Par Witch, le mercredi 23 novembre 2011 à 21:58:51

La Transe du crystal : une allégorie de la dépendance

Article écrit par Charlotte Bousquet à l'occasion d'un dossier Anne McCaffrey publié dans la revue Faëries n° 23.

Cette vie est un hôpital où chaque malade est possédé du désir de changer de lit. Celui-ci voudrait souffrir en face du poêle, et celui-là croit qu’il guérirait à côté de la fenêtre. Il me semble que je serais toujours bien là où je ne suis pas et cette question de déménagement en est une que je discute sans cesse avec mon âme. (1)

Any where out of the world.

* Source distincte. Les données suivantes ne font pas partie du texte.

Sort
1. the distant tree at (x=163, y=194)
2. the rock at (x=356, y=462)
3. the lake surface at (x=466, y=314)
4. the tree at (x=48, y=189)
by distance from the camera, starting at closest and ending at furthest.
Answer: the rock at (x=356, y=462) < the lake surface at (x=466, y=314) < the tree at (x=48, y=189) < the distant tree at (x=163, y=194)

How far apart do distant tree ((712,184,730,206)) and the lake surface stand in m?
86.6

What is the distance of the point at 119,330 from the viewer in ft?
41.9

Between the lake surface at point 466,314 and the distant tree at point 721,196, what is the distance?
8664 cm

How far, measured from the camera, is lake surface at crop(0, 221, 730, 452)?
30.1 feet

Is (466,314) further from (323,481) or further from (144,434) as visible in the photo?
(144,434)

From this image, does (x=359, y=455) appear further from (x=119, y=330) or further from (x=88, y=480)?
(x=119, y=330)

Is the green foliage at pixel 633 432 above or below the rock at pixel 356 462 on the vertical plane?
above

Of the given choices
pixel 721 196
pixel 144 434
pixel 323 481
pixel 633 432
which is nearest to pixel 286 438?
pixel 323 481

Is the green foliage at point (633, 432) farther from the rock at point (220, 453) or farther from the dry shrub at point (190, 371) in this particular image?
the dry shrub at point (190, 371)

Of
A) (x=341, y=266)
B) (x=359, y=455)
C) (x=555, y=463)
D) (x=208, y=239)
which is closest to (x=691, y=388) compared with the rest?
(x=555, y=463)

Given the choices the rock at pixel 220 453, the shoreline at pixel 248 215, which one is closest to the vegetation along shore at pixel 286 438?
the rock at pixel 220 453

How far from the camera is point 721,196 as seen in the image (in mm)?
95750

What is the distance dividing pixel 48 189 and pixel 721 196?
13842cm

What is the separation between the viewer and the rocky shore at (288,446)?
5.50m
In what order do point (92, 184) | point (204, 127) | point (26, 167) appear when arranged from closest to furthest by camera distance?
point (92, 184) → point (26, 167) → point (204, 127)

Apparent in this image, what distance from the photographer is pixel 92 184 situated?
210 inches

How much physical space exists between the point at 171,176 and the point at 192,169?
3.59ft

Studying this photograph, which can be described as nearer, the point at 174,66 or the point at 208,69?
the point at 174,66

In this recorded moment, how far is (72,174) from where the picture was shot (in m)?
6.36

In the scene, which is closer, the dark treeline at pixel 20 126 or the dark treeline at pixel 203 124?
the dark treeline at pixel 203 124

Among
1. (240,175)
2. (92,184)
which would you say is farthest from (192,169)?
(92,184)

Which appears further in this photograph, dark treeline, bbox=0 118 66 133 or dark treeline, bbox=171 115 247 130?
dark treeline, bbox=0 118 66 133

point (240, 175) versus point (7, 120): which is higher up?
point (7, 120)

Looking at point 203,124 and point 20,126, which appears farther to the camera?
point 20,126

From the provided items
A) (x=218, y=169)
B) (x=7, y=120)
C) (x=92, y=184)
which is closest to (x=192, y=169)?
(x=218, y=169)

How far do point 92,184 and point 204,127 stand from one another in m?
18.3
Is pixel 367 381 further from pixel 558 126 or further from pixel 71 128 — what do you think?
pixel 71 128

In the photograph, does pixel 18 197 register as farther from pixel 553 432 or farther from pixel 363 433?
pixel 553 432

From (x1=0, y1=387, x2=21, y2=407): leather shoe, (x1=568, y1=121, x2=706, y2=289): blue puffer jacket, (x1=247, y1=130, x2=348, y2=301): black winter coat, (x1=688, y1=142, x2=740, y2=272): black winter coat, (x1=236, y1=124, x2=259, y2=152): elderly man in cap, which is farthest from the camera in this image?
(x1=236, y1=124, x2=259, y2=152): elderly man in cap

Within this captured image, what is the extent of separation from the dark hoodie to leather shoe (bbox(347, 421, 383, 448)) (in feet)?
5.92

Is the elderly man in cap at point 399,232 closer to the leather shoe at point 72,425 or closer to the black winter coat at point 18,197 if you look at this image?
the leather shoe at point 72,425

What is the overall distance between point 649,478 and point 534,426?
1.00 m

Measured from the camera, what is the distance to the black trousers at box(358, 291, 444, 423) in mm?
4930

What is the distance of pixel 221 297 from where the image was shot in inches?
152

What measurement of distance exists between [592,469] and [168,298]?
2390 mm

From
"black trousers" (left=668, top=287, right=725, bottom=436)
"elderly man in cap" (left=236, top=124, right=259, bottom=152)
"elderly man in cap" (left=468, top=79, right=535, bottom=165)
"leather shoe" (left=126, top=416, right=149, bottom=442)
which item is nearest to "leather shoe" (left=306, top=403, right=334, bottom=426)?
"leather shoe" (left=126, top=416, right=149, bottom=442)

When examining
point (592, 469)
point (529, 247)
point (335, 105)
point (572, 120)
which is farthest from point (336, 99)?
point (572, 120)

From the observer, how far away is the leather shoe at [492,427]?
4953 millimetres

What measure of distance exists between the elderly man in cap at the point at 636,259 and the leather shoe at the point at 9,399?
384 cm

N’importe où hors du monde, pourvu qu’il soit possible de ne plus souffrir, de ne plus subir les tourments de la réalité - n’importe où, pourvu que la pauvreté de l’existence n’y soit pas.
L’oubli.
La plénitude.
L’ailleurs.
C’est ce que cherche le toxicomane, lorsqu’il se saisit d’une seringue. C’est ce que cherche le poète en se livrant corps et âme à la cruauté de la fée verte. C’est ce que cherche Killashandra, héroïne de La Transe du crystal, en refusant un avenir médiocre de choriste. Cette trilogie symphonique écrite par Anne McCaffrey entre 1985 et 1994, peut d’ailleurs être lue comme une allégorie de la perte de soi et de la toxicomanie. C’est, du moins, ce que nous nous proposons de montrer au sein de notre propos.

Jugée trop médiocre par ses professeurs pour devenir soliste, Killa, une jeune artiste, préfère fuir l’avenir sans éclat qui l’attend à l’Académie pour se rendre sur Ballybran, planète lointaine et mystérieuse, dont les habitants - les « chanteurs de crystal » - ont la réputation d’être infiniment riches, infiniment respectés, infiniment comblés. Négligeant délibérément les dangers liés à la présence toxique et hallucinatoire de la précieuse matière, Killashandra part, prête à tout pour devenir celle dont elle a toujours rêvé. Mais ce qu’elle ignore, c’est qu’en échange du ravissement du chant, de la beauté du minerai et de la gloire, c’est à sa propre identité qu’elle devra renoncer.

- Borella, Concerta (…)
- Tu ne les aimes pas ? demanda Killashandra, amusée.
- Une amitié se fonde sur des expériences et des opinions partagées. Ils ne se rappellent rien et, en conséquence, n'ont rien à partager (…) Fais-toi une faveur en or, Killashandra. Enregistre tout ce que tu as fait jusqu'à présent dans ta vie, tous les détails de tes expéditions dans les chaînes, toutes les conversations que tu as eues, toutes les blagues que tu as entendues. Tout ce que tu as fait, dit et ressenti (…) tous tes amours. Alors, quand ton esprit sera aussi vide que le leur, tu pourras te rafraîchir la mémoire et rétablir le contact avec toi-même ! (2)

Comment en effet, avoir des amis, des amants, des attaches, lorsque l’on ne se souvient même plus de son propre nom ? Si le crystal apporte l’extase, l’immortalité, il envahit insidieusement les moindres fibres de celui qui le chante, et, peu à peu, le conduit à n’être plus qu’un instrument, un objet sans mémoire, sans identité, sans dignité. Le chanteur n’a plus rien qui lui soit propre en dehors, peut-être, de la conscience, de n’être qu’une coquille vide, brisée portant encore, les douloureux stigmates d’un « avant ». Comme le remarque Giulia Sissa dans son essai, Le plaisir et le mal, les termes évoquant la volupté du plaisir provoqué par la drogue - l'in-dolence, la non-chalance, l'in-différence (3) - comportent déjà une négation. Et, inexorablement, celle-ci prend la place de l’extase, se confond avec elle.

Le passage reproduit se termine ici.